EXERCISE INPUTS
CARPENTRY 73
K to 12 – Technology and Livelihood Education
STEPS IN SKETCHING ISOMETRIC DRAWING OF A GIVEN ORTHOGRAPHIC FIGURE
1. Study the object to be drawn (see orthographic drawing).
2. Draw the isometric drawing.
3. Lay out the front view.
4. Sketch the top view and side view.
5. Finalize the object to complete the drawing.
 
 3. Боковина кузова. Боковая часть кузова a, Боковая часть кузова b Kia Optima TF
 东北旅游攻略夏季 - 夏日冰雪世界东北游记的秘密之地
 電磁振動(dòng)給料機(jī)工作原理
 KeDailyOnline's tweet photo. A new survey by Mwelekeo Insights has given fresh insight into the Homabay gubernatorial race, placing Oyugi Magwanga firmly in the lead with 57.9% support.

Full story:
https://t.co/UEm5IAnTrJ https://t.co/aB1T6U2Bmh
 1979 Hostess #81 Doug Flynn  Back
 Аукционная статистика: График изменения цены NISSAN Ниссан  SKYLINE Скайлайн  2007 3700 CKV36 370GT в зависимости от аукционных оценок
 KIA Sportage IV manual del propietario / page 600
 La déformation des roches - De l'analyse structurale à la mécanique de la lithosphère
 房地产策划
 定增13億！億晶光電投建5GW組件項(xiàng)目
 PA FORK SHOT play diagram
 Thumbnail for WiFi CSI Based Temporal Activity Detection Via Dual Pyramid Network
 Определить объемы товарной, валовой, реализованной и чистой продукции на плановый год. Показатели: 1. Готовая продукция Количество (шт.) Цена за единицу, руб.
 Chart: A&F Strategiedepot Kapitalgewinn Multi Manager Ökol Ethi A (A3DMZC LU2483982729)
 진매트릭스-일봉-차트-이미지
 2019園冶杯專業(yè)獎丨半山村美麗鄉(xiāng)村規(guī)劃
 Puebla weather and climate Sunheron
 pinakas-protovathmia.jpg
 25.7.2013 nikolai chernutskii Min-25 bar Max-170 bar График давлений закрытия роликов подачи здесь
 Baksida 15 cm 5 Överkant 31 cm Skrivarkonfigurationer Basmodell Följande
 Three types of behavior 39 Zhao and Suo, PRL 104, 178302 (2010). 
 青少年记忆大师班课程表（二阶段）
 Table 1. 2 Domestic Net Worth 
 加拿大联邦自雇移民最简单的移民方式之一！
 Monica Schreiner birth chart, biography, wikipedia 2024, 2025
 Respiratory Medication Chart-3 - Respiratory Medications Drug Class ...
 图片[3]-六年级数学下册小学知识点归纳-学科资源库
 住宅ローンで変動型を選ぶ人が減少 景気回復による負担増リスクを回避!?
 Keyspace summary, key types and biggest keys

EXERCISE AIM
In the records, how many lines include the string "object"? The answer is that number alone.

RESULT
2